I invite you to take a few moments with me to reflect on today’s Upper Room Devotional below — as well as on the theology woven into “It is well with my soul.”
Special thanks to Peggy Graff and her guests for providing this uplifting and inspiring addition to us in her Hymn-a-Day May series. I pray that these paired daily selections will uplift your spirits and feed your soul as much as it does mine.
12 So then, brothers and sisters,[ we are debtors, not to the flesh, to live according to the flesh— 13 for if you live according to the flesh, you will die; but if by the Spirit you put to death the deeds of the body, you will live. 14 For all who are led by the Spirit of God are children of God. 15 For you did not receive a spirit of slavery to fall back into fear, but you have received a spirit of adoption. When we cry, “Abba! Father!” 16 it is that very Spirit bearing witness[c] with our spirit that we are children of God, 17 and if children, then heirs, heirs of God and joint heirs with Christ—if, in fact, we suffer with him so that we may also be glorified with him.

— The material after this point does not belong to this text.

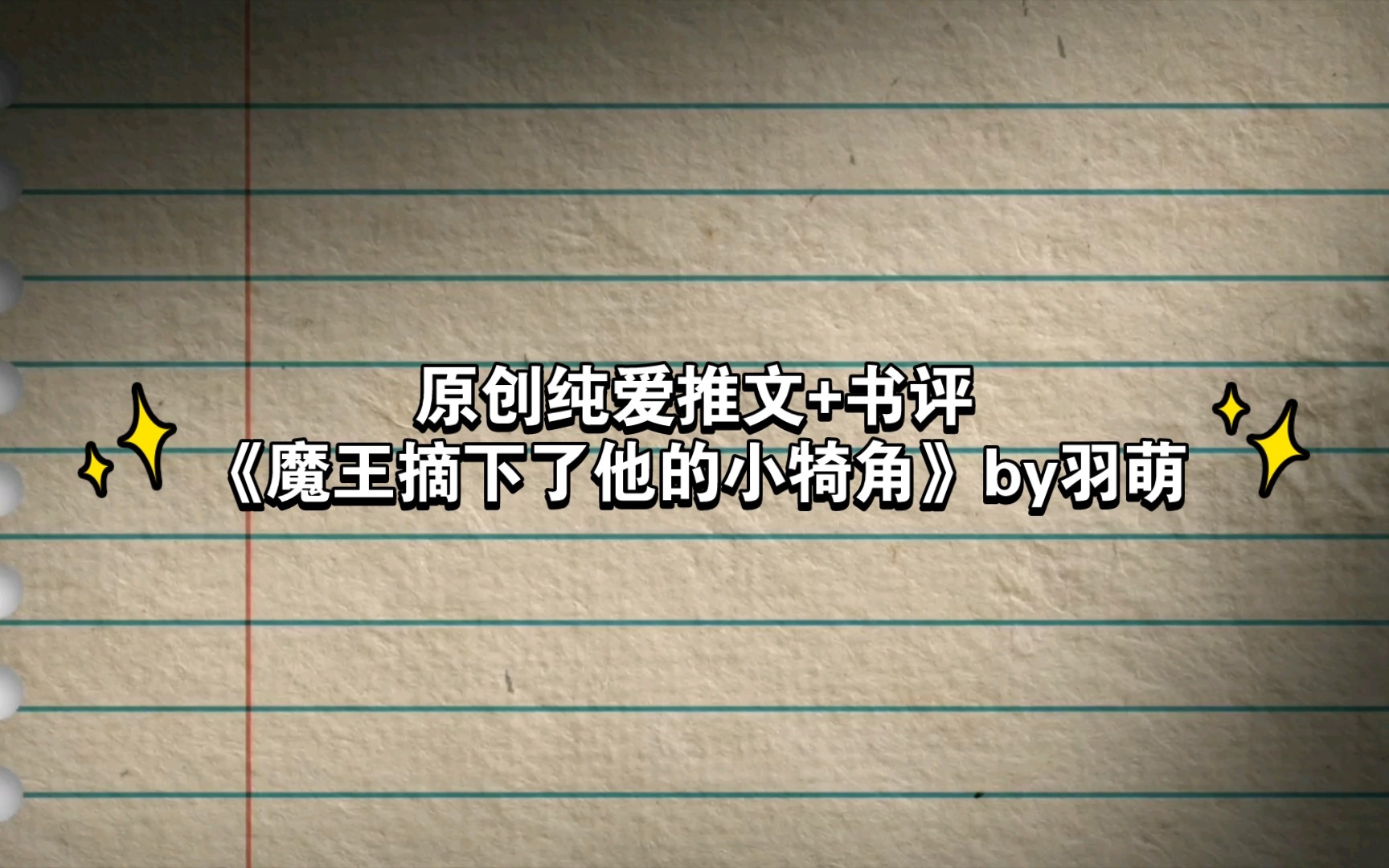 [图]原创纯爱推文+书评《魔王摘下了他的小犄角》by羽萌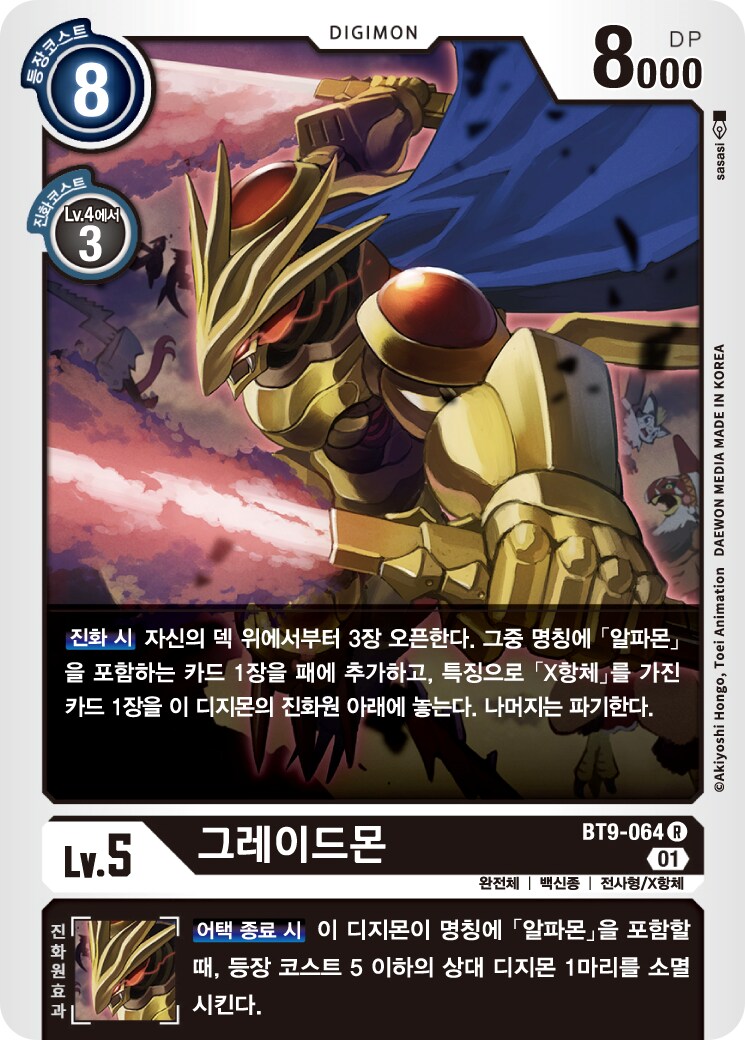 디지몬) 탈 완전체급이라는 애들_7.png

This passage from Romans reminds me of a story from the life of Ben Walker Hooper, who was Governor of Tennessee from 1911-1915. Born in Gatlinburg to an unwed mother, Ben knew the pain of never knowing his father. Even worse, Ben endured the ridicule of his peers who constantly asked him, “Who is your daddy?” The pain was so devastating that Ben spent most of his time alone. Then one day a new preacher came to town. That Sunday, Ben, now 12 years old, went to church. He tried to slip out without having to meet the preacher, but he got caught in the line. He felt the preacher’s hand on his shoulder and he looked up just in time to hear the preacher ask the dreaded question: “Son, who is your daddy?”
Ben’s face turned red. The crowd grew quiet. Intuitively sensing the pain of the moment, the pastor looked at him and smiled and said, “Wait a minute, I know who you are. You are a child of God. You are the Lord’s boy. You have a great inheritance. Go out and claim it.” That day changed Ben’s life because he discovered what Paul described in today’s reading: he was a child of God, and if a child, then an heir and a joint heir with Christ.
Thank you for sharing this early moment of your day with me, with God, and with the words and music that I hope you will carry with you throughout the coming day and night.
I am so grateful for you, for our church, and for the Love that will see us all through this very difficult time. Please stay safe and well and we’ll be together again in spirit tomorrow morning!